Every line of the listing must be reproduced as it stands. Leave the images behind.

== Source data

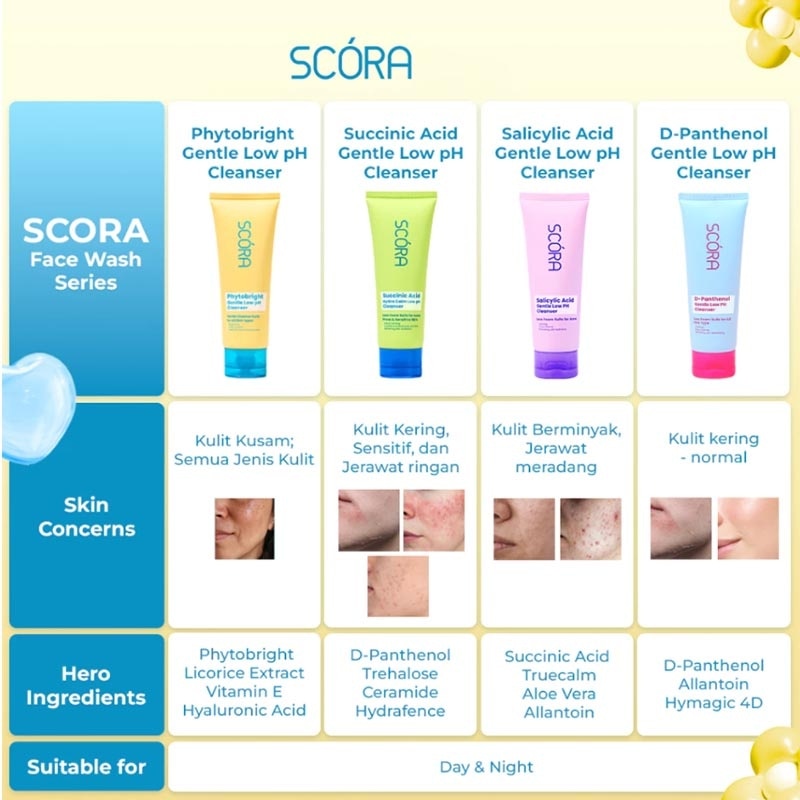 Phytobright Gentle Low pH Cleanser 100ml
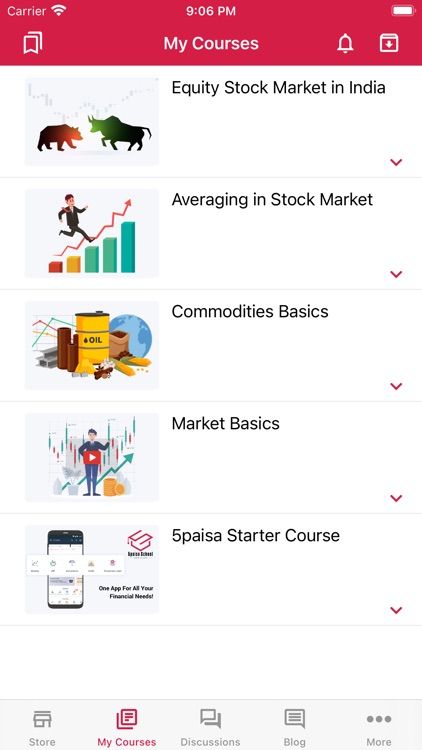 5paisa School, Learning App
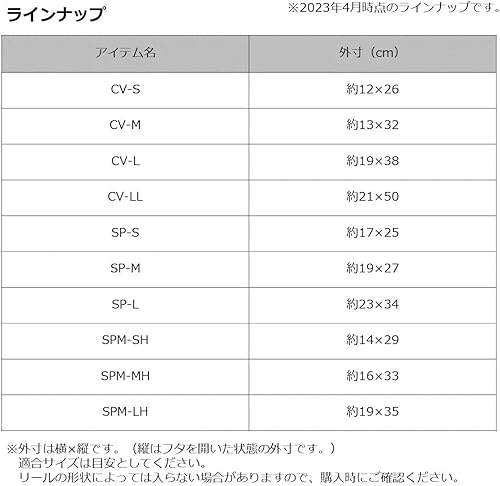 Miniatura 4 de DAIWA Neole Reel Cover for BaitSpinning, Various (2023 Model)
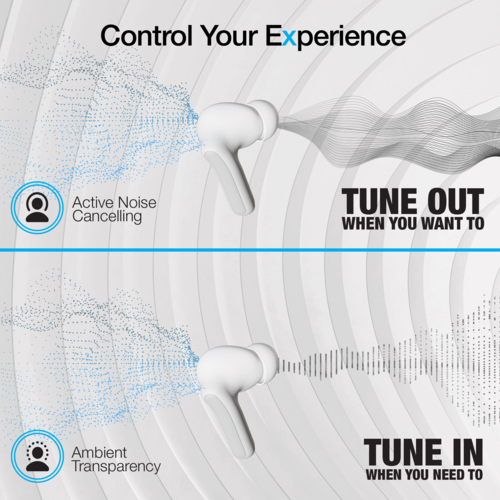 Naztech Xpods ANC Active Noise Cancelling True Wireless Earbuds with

====

Result of this exercise:
 Phytobright Gentle Low pH Cleanser 100ml
 5paisa School, Learning App
 Miniatura 4 de DAIWA Neole Reel Cover for BaitSpinning, Various (2023 Model)
 Naztech Xpods ANC Active Noise Cancelling True Wireless Earbuds with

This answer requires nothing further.